SOURCE RECORDS →
......

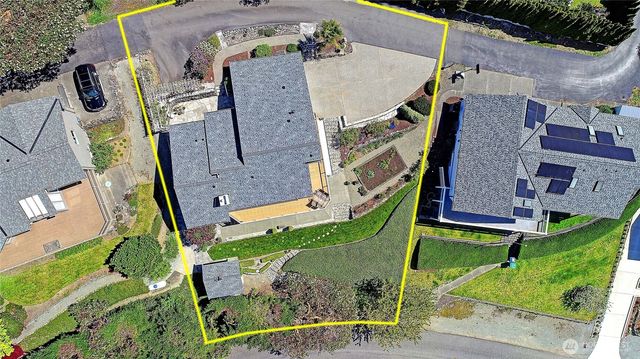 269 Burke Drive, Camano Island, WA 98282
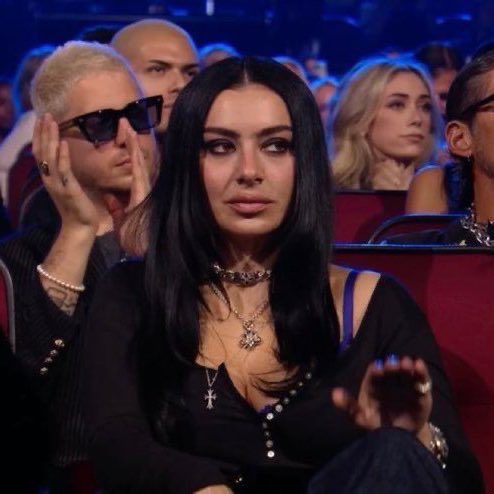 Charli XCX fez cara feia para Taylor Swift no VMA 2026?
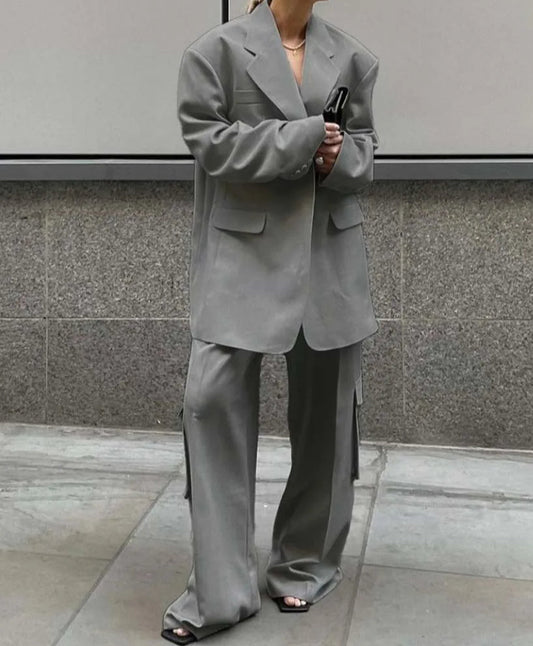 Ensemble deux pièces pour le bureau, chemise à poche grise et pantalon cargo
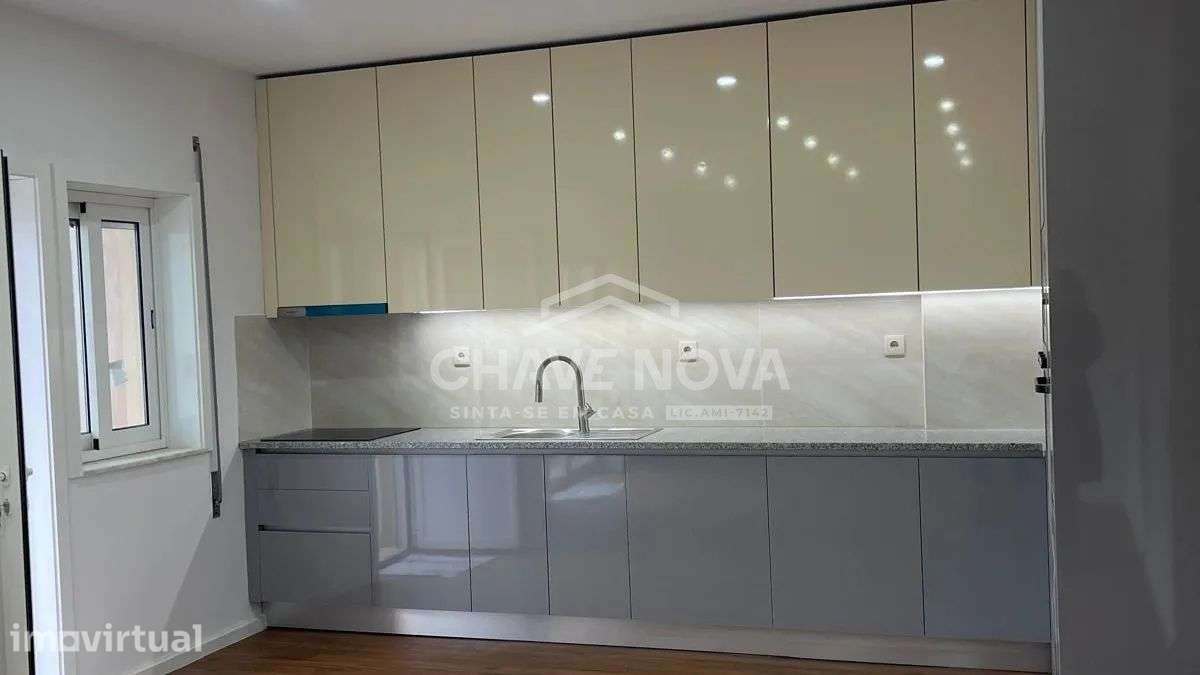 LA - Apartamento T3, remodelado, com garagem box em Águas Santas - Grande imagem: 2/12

......

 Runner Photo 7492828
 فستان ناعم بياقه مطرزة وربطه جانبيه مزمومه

......

WHAT YOU HAVE TO DO →
Retype the entries above exactly, but only from the line containing "Runner Photo 7492828" through the line containing "فستان ناعم بياقه مطرزة وربطه جانبيه مزمومه", both included.

OUTPUT OF THE EXERCISE →
 Runner Photo 7492828
 فستان ناعم بياقه مطرزة وربطه جانبيه مزمومه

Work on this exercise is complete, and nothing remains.